Finding drugs to inhibit NR5A
Ray Blind, Ph.D., Discovery Grant 2016
Introduction:
A 2016 American Cancer Society report revealed that incidence rates have been decreasing for almost all cancers in the United States since 1999. Some notable exceptions are colorectal cancer in patients under age 50 and pancreatic cancer in every demographic. In these tenacious cancers, the NR5A nuclear receptors are known to bind DNA and activate important cancer-related genes (Fig 1), making NR5A a historically high-value drug target in both cancer and diabetes. Accordingly, the drug industry has led massive efforts targeting NR5A for many years. Despite these efforts, there are no approved therapeutics targeting NR5A, for less than clear reasons.

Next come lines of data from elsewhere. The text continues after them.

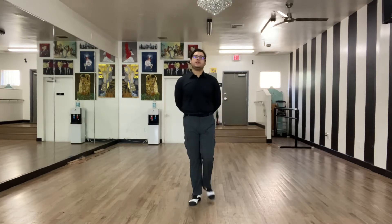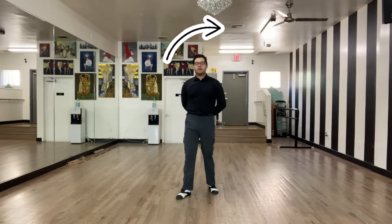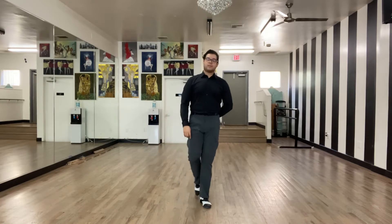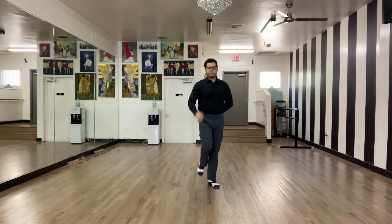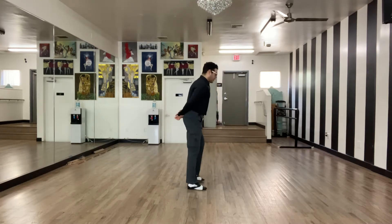Viennese Waltz is one of those dances that is faster to start off. The easiest way to think about it is that your box is the exact same. If you haven't seen the Waltz video in my smooth series, please go over that so you have a better frame of reference. If not, I'll be covering it from bottom to top in this video. So first step is your box.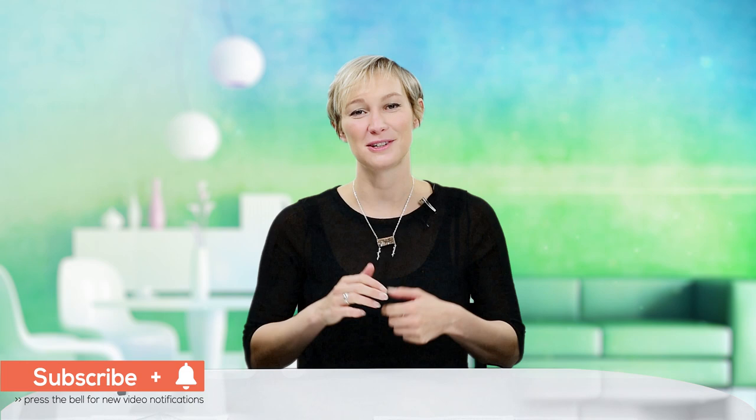Thank you for watching our tutorial today. Give us a big thumbs up and subscribe to our YouTube channel where you can see all of our latest designs. To get the beautiful beads that we sell go to beadjar.co.uk. Until next time, bye!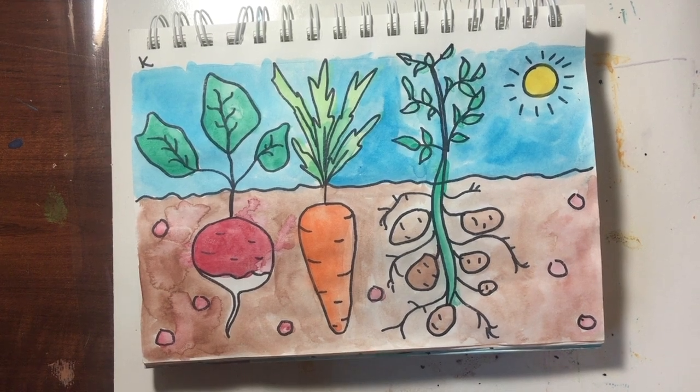Good morning and welcome to our online art lesson. In today's art lesson we are going to be celebrating spring by designing our own garden full of root vegetables.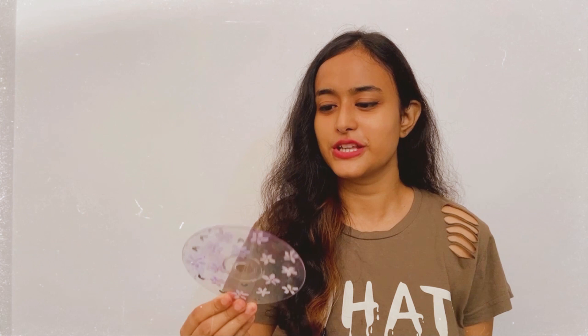Hi guys, welcome back to our YouTube channel! As you know from the title, today I'll be teaching you how to make clear CDs by using your old CDs which you have at home. You can transform them into beautiful paintings which give a very aesthetic, printsy type vibe and you can decorate your room. Without wasting our time, let us get into the video.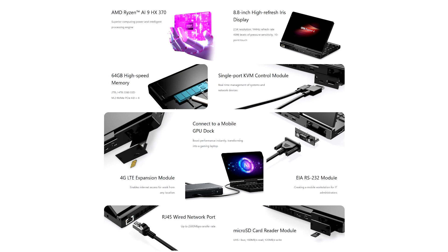The handheld also comes with up to 64 GB of LPDDR5-7500 memory, and storage includes a Gen 4 x4 M.2 slot which can offer up to 4 TB of capacity.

The few drug-like molecules directed against NR5A that exist can indeed decrease the growth of pancreatic and colorectal cancer cells. However, these drugs have not been developed because it is not clear how the drugs inhibit NR5A. Thus, in order to get new NR5A drugs into clinical trials, we must understand how NR5A is inhibited so that they can be optimized.
Here, we propose an innovative hypothesis that simultaneously explains why past NR5A drug efforts failed while providing a clear path forward based on a novel NR5A regulatory mechanism we recently discovered. If we are correct, the work proposed here will provide drug companies with a new way to find NR5A drugs, thus incentivizing companies to apply their resources to investigate innovative approaches to solve colorectal and pancreatic cancer.
Background:
Nuclear receptors work by binding DNA, resulting in gene activation. This process occurs only when the nuclear receptor binds to a hormone, such as the hormone estrogen binding to the estrogen nuclear receptor. In the case of NR5A there are two natural hormones: PIP2 which inhibits NR5A, and PIP3 which activates NR5A (Fig 2). Regardless, the established dogma is that hormones change the shape of the nuclear receptor from an “inactive” shape to an “active” shape. Thus, it is assumed that NR5A drugs should also attempt to induce the “inactive” shape, and that’s how everyone has tried to identify NR5A drugs, with very little success.
However, we tested whether this dogma was actually true. Our studies showed that no hormones or drugs caused any detectable shape changes in NR5A (Fig 2). Instead, we discovered that the natural hormone actually activates NR5A by acting as “molecular glue” - the hormone forms a molecular bridge between NR5A and important cancer regulatory proteins.
The details of how NR5A is activated are very important for drug design. The way everyone has screened for drugs assumed NR5A is regulated by the shape change mechanism – but our data showing that NR5A does not change shape suggests everyone has been screening for NR5A drugs incorrectly. But we present a clear path forward to solve that problem!
Specific Aim:
Based on our mechanistic data, we recently received the highest score of all grants for a prestigious Vanderbilt Discovery Award through the Diabetes Center. That work develops a new type of NR5A drug screen that applies our new mechanism to look for drugs that activate NR5A for use in non-alcoholic fatty liver disease patients. Using VICC Ambassadors Discovery Grant funding, we will test the “cast-off” drugs from that innovative drug screen, to identify new anti-cancer drugs that inhibit NR5A and prevent the growth of human pancreatic and colorectal cancer cell lines. We hope this seed funding leads to a large federal grant to characterize the drugs.
The development of the new drug screen is already well underway. The novel anti-cancer drugs identified will provide a pharmacological scaffold from which an entire new class of drugs could be rapidly developed. Our proposed studies also provide strong proof-of-principal for drug companies to invest in their NR5A anti-cancer drug development efforts, better leveraging their massive drug libraries to fight pancreatic and colorectal cancers. By repurposing our fatty liver drug screen to discover anti-cancer drugs, your support will synergize with other resources at Vanderbilt to highlight the highly interdisciplinary nature of the VICC.